L’or a cédé 1,69 % vendredi à 4 147 $, s’orientant vers une troisième baisse hebdomadaire consécutive, alors que la posture « plus haut plus longtemps » de la Réserve fédérale a soutenu le dollar et les rendements des Treasuries. L’indice du dollar (DXY) a grimpé à des sommets de 13 mois au-dessus de 101,00, tandis que les marchés monétaires intégraient 18 points de base de resserrement pour la réunion du 16 septembre, ce qui implique une probabilité de hausse de 72 %. Le rendement du Treasury à 2 ans a augmenté de 13 points de base après la réunion de la Fed, entraînant le métal à un plus bas de six jours à 4 121 $, alors même que la réouverture du détroit d’Ormuz a atténué les craintes sur l’offre pétrolière. Par ailleurs, la BCE a relevé ses taux de 25 points de base le 11 juin, et la BoJ a suivi mardi ; la Fed a également indiqué que près de la moitié des membres du FOMC anticipent au moins une hausse en 2026.
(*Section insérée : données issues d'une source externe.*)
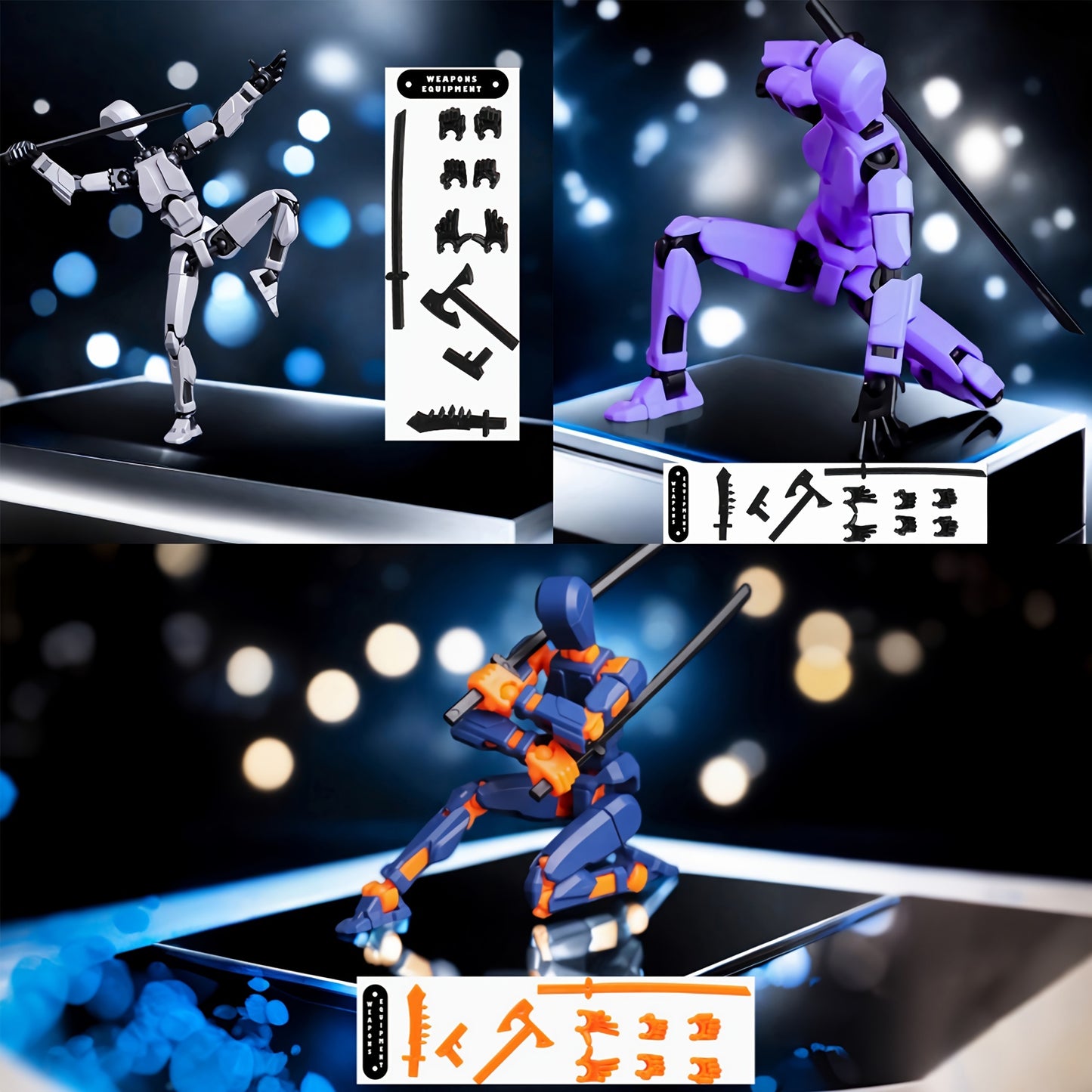 Poseable Action Figures Multi-Pack – 3 or 5 Figure Sets (Fixed Color Combinations)
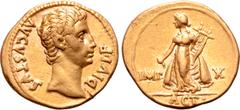 Roman Imperial Augustus AV Aureus. Lugdunum, 15 BC. AVGVSTVS DIVI • F, bare head right / Apollo Citharoedus of Actium, standing left, holding plectrum and lyre; IMP • X across field, ACT in exergue. R
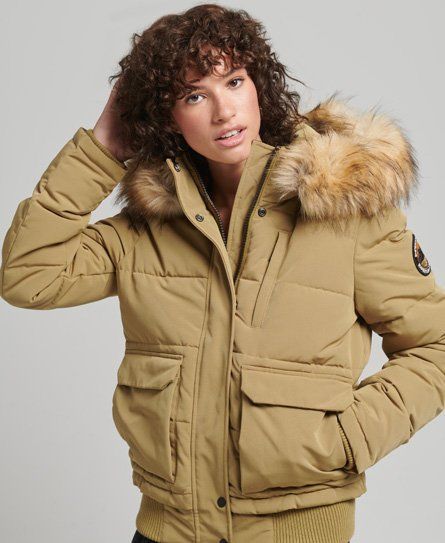Women's Everest Hooded Puffer Bomber Jacket Tan / Camel - Size: 10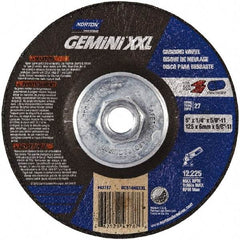 Norton - 24 Grit, 5" Wheel Diam, 1/4" Wheel Thickness, Type 27 Depressed Center Wheel - Aluminum Oxide, 8,600 Max RPM - Exact Tool & Supply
D’un point de vue technique, l’or demeure sous pression après la rupture sous la moyenne mobile simple (SMA) à 200 jours à 4 466 $, les graphiques pointant vers 4 100 $, puis vers le plus bas depuis le début de l’année à 4 023 $ atteint le 11 juin. Une nouvelle baisse exposerait 4 000 $ puis le point bas de swing du 28 octobre 2025 à 3 886 $. À la hausse, un rebond devrait franchir le sommet de cycle du 17 juin à 4 382 $ avant que l’attention ne se reporte sur la SMA à 200 jours et 4 500 $. Goldman Sachs a abaissé sa prévision pour décembre à 4 900 $ l’once troy, soit 500 $ de moins que son précédent scénario, avec la semaine prochaine en ligne de mire, marquée par le PIB du T1 2026 et l’indice des prix PCE « core ». Les banques centrales ont ajouté 1 136 tonnes d’or, pour une valeur d’environ 70 milliards de dollars, en 2022.
Perspectives baissières portées par les taux et la vigueur du dollar
Compte tenu de l’engagement de la Réserve fédérale à maintenir les taux d’intérêt à un niveau élevé plus longtemps, nous considérons la faiblesse actuelle de l’or comme une tendance appelée à se poursuivre. La solidité du dollar américain et la hausse des rendements des Treasuries créent des vents contraires significatifs pour ce métal sans rendement. Nous nous positionnons donc en vue de nouvelles baisses du prix de l’or dans les prochaines semaines.
Les anticipations de marché se cristallisent autour de ce scénario restrictif (« hawkish »), les dernières données du CME FedWatch Tool publiées ce matin indiquant une probabilité proche de 75 % d’une hausse des taux lors de la réunion de septembre. Le rendement du 2 ans américain se maintient au-dessus de 4,95 %, un niveau inédit depuis fin 2025, ce qui rend la détention d’un actif à rendement nul comme l’or moins attractive. Cette pression durable liée aux taux constitue un pilier central de notre thèse baissière.
Se positionner pour une nouvelle baisse des prix de l’or
Pour la mettre en œuvre, nous envisageons d’acheter des options de vente (puts) sur les contrats à terme sur l’or ou sur des ETF liés, ce qui offre un moyen à risque défini de tirer profit d’un mouvement baissier. Nous visons des prix d’exercice sous le seuil clé de 4 100 $, avec l’idée que les cours pourraient tester le plus bas depuis le début de l’année, proche de 4 023 $. Toute cassure sous ce niveau ouvrirait la voie à une correction nettement plus marquée.
Le principal catalyseur à surveiller sera la publication, la semaine prochaine, du « Core » Personal Consumption Expenditures (PCE), l’indicateur d’inflation privilégié par la Fed. La dernière lecture du Core PCE pour avril s’est établie à 3,1 % en rythme annualisé, toujours obstinément au-dessus de l’objectif de 2 % de la Fed. Un nouveau chiffre élevé accélérerait vraisemblablement le repli de l’or et conforterait nos positions baissières.
Cet environnement rappelle le cycle de resserrement 2022-2023, durant lequel l’or a d’abord peiné à mesure que la Fed relevait agressivement ses taux. Le métal n’a trouvé un point bas durable qu’une fois que le marché avait pleinement intégré le pic de ce cycle de taux. Nous pourrions assister à une répétition de ce schéma aujourd’hui, ce qui suggère un potentiel de baisse supplémentaire avant l’émergence d’une opportunité d’achat de long terme.